Jude Law’ı bir kez daha Albus Dumbledore rolünde gördüğümüz yapımda bu sefer Gellert Grindewald rolünü Mads Mikkelsen üsteniyor. Bunun dışında Newt Scamander rolünü Eddie Redmayne, Jacob Kowalski rolünü Dan Fogler, Credence rolünü ise Ezra Miller oynuyor. Filmde ayrıca Alison Sudol, Callum Turner, Jessica Williams ve Richard Coyle gibi isimler de yer alıyor. Yönetmenliğini, serinin önceki iki filmini de yöneten David Yates yapıyor. Senaryo ise ilk önce J.K. Rowling ve Harry Potter filmleri ile tanınan Steve Kloves tarafından hazırlandı.
Dubmledore’un Sırları ile David Yates, izleyicinin nostaljik tarafına dokunmayı sonunda başarabiliyor. Harry Potter filmlerini ilk defa izlediğinizde hissettiğiniz o duygu bazı bölümlerde sizi yine yakalıyor. Ama nostaljinin şekerine bulanmasına rağmen senaryodaki gariplikler gözden kaçamıyor. Görsellik bazı yerlerde rahatsız etse bile genel olarak başarılı. Hatta birçok açıdan Harry Potter serisinden daha iyi.
Fantastik Canavarlar: Dumbledore’un Sırları filmini daha detaylı bir şekilde ele almadan önce yazının bundan sonrasının SPOILER içereceğini söyleyelim.
Serinin üçüncü filminin ‘diğerlerine nazaran’ daha pürüzsüz bir şekilde aktığını söylemekte fayda var. Yapım Newt Scamander’ın bir Qilin’in doğumunu görmesiyle başlıyor. Filmin en azından yarısına kadar ne olduğunu bilmediğimiz yaratığın daha sonrasında geleceği görebildiği ve insanın içindeki iyiliği sezebildiğini öğreniyoruz. Doğan yavruyu kaçıran Credence, Qilin’i Grindewald’a getiriyor. Diğer taraftan Grindewald ile Kan Yemini yapan Albus Dumbledore ise, eski dostu ve aşkını durdurmak için Newt, ağabeyi Theseus, Ilvermorny Profesörü Lally Hicks, Fransız büyücü Yusuf Kama ve Muggle Jacob Kowalski’den oluşan ekibini kuruyor. Böylece ekip Grindewald’ın Uluslararası Büyücüler Konfederasyonu’nun başına geçmesini engellemek için Almanya’ya doğru yola çıkıyor.
Diğer taraftan Grindewald’ın takipçileri Alman Sihir Bakanlığı’nı ele geçiriyor ve Brezilyalı aday Vicência Santos’a bir suikast düzenlemeye çalışıyor.
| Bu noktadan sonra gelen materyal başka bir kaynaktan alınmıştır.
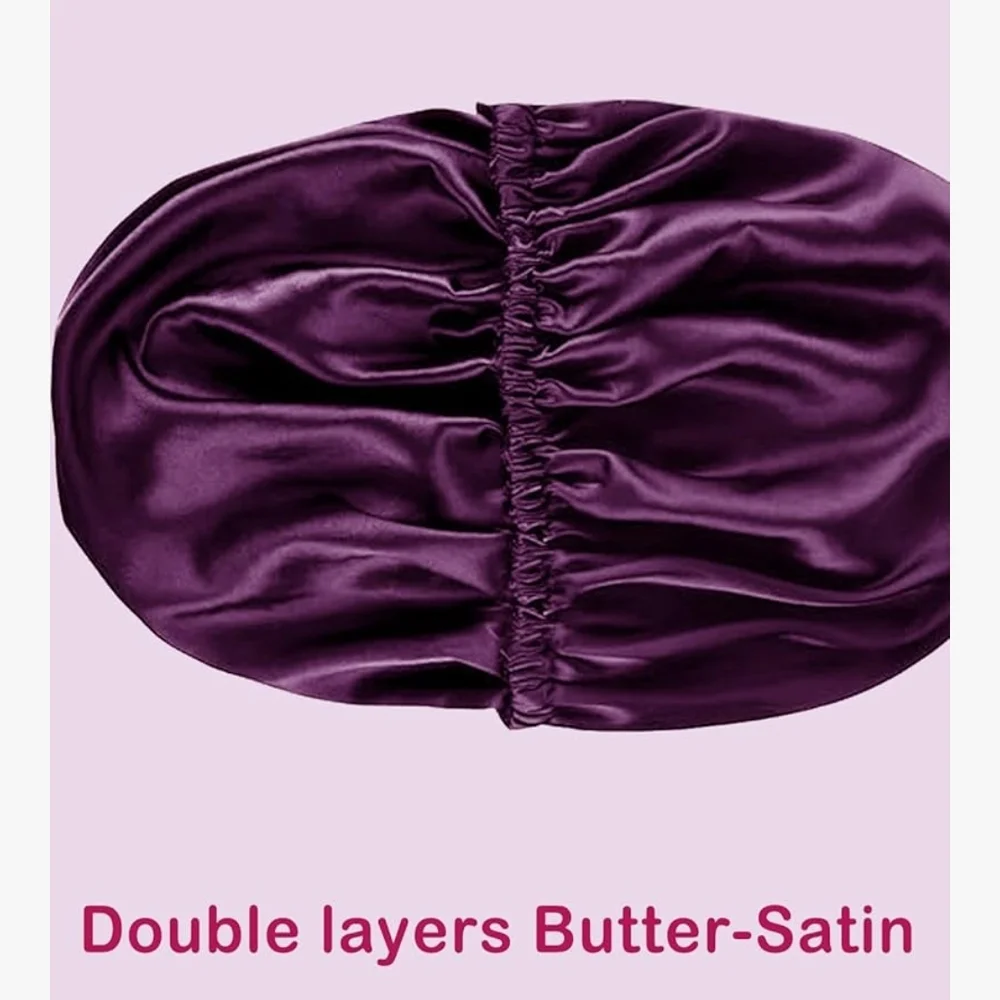 Black Satin Sleep Bonnet and Eye Mask Set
Ancak Newt ve Lally tam zamanında olaya müdahale ederek Santos’un hayatını kurtarıyor. Daha sonrasında Qilin’in eski zamanlarda büyücü liderini seçmek için yürüdüğünü öğreniyoruz. Grindewald kaçırdığı Qilin yavrusunu kullanarak kendisini lider olarak seçtiriyor fakat Credence ve Newt gerçeği ortaya çıkarıyor. Bu sırada gözü dönen Grindewald, Credence’ı öldürmeye çalışıyor, Dumbledore da büyüye engel olmaya çalışırken aralarındaki kan yemini kırılıyor. İkili arasındaki amansız düellonun galibi Dumbledore oluyor ve Grindewald geri çekilmek zorunda kalıyor.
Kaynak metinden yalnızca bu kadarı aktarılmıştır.